Antes de descer até a base, me encontrei com os montanhistas brasileiros Gustavo Ziller e Gabriel Tarso chegando ao High Camp, de onde realizariam a sua tentativa de chegar ao cume no dia seguinte. Para trazer-lhes sorte, abri a minha mochila e lhes entreguei a minha bandeira do Brasil, que me acompanha em todas as expedições, desejando-lhes sucesso na empreitada. Infelizmente depois tive notícias de que as condições climáticas acabaram comprometendo a escalada deles. De qualquer forma, fiquei contente pela sábia e correta decisão que eles tomaram de dar meia-volta em uma situação de risco.

 

Feliz, sonho realizado e o início do caminho de casa.
 

Dois dias depois, finalmente estávamos de volta à civilização. Chegamos à Talkeetna em pleno dia 04 de Julho, dia da independência dos Estados Unidos, e aproveitamos que a cidade de estava em festa para realizarmos uma grande comemoração pela nossa conquista.

No retorno ao Brasil, dessa vez a mochila não veio carregada de frustrações, mas sim de uma série de idéias e projetos importantes para colocar em prática: um deles foi anunciar fundação da minha empresa "No Topo do Mundo Expedições e Consultoria", que formaliza a minhas novas profissões de palestrante e guia de montanha.

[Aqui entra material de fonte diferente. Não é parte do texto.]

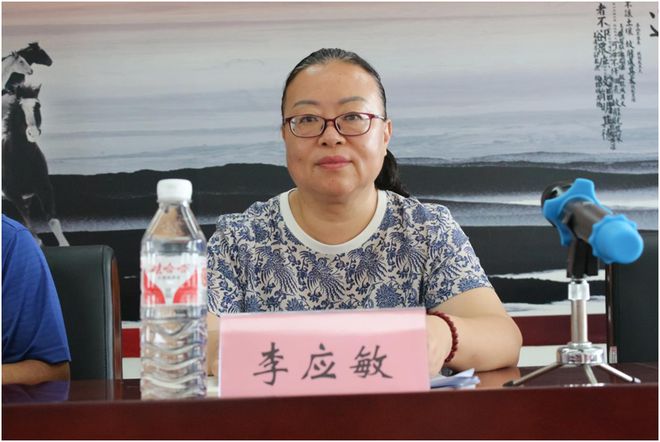 南阳市装饰业协会理事会暨2023年度“卧龙杯”奖颁奖典！(图2)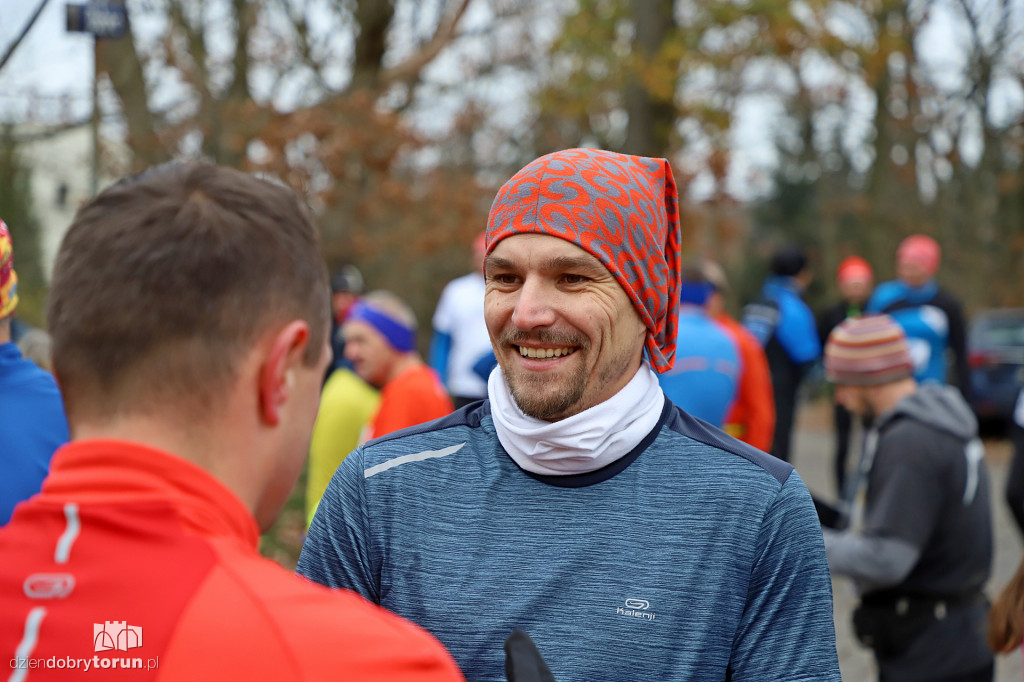 Grand Prix Torunia w biegach przełajowych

E o segundo projeto, de não menos importância, foi a difícil decisão de adotar um cachorro, sobre a qual já vinha pensando há algum tempo, porém não a havia concretizado justamente pelo estilo de vida que eu levo, que de certa forma me impede de dedicar o tempo necessário para criá-lo de maneira adequada. Depois de muito refletir e de buscar alternativas pra contornar a situação, resolvi finalmente adotar um lindo filhote de Pastor da Mantiqueira doado por um amigo. O nome que escolhi para ele, não poderia ser outro:

Denali

     
     

Aproveito a oportunidade para agradecer a todos que apoiaram, torceram, rezaram e enviaram energias positivas para que esta expedição desse certo.